WHAT IS NEEDED:
Repeat the data that follows exactly, starting at the line with "snack goals disney shirt" and ending at the line with "スズキ スペーシア カスタム", and leave out every picture.

EXERCISE INPUTS:
*****

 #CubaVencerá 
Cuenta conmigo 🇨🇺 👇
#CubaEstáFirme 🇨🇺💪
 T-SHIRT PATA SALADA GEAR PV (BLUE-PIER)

*****

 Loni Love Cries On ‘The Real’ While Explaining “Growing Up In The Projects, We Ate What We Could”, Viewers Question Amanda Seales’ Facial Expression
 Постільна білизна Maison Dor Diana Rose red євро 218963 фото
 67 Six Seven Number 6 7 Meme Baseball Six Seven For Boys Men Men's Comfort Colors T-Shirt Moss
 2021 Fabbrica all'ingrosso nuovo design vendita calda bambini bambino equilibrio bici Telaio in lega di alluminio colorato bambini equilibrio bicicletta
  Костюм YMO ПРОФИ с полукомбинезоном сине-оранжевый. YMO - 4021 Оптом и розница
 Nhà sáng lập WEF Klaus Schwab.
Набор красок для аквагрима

*****

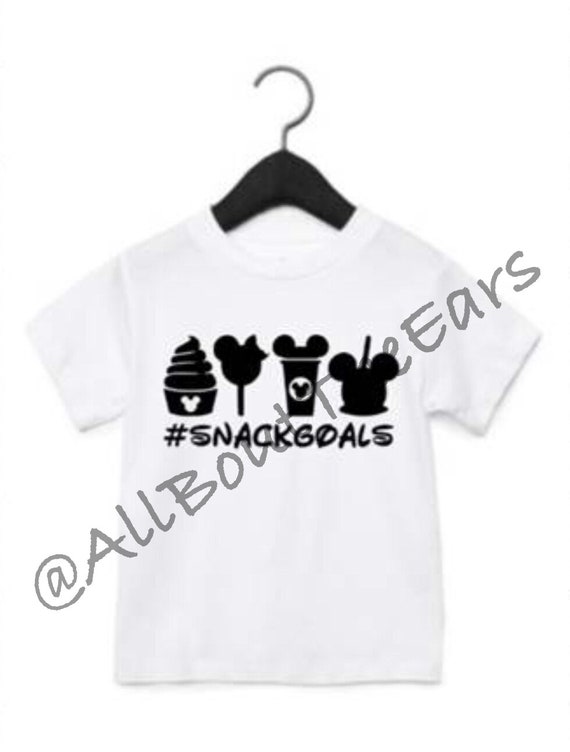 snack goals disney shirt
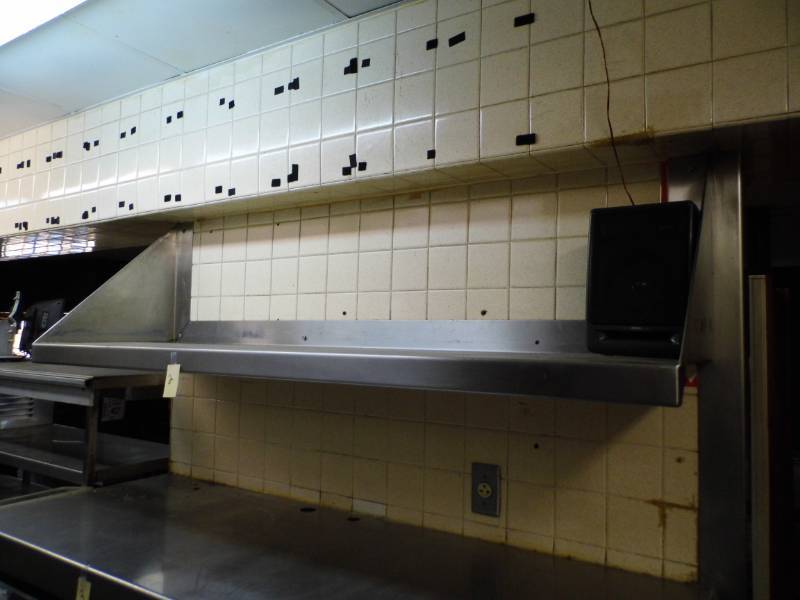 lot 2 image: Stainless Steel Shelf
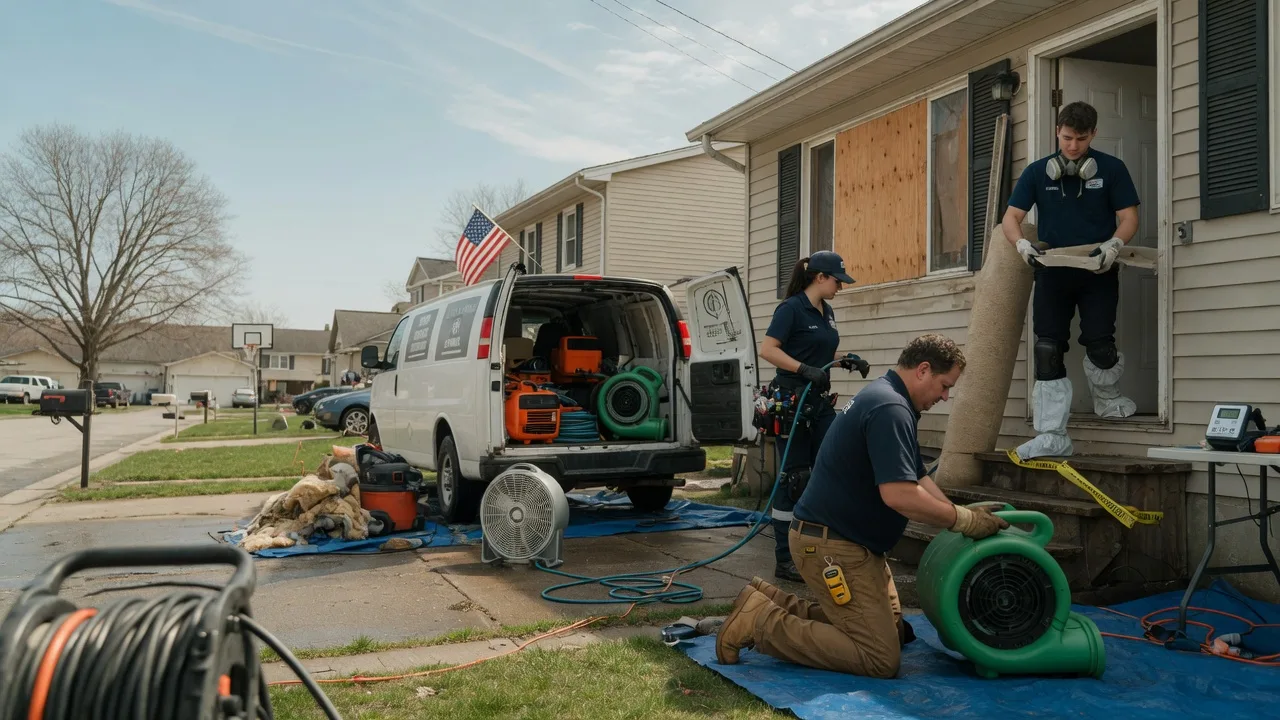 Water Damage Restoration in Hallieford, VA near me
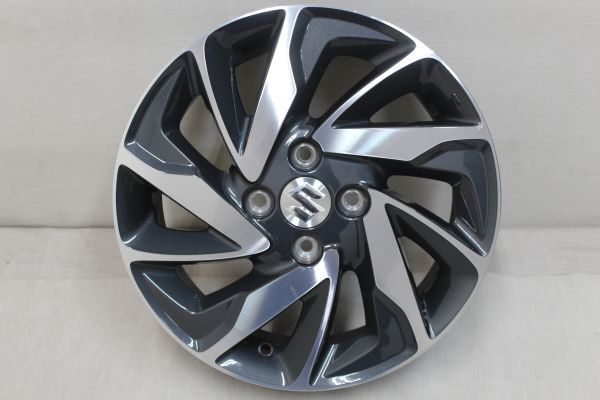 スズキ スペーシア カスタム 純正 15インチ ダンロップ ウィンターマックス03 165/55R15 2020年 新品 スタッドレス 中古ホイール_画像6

*****

RESPONSE BOX:
 snack goals disney shirt
 lot 2 image: Stainless Steel Shelf
 Water Damage Restoration in Hallieford, VA near me
 スズキ スペーシア カスタム 純正 15インチ ダンロップ ウィンターマックス03 165/55R15 2020年 新品 スタッドレス 中古ホイール_画像6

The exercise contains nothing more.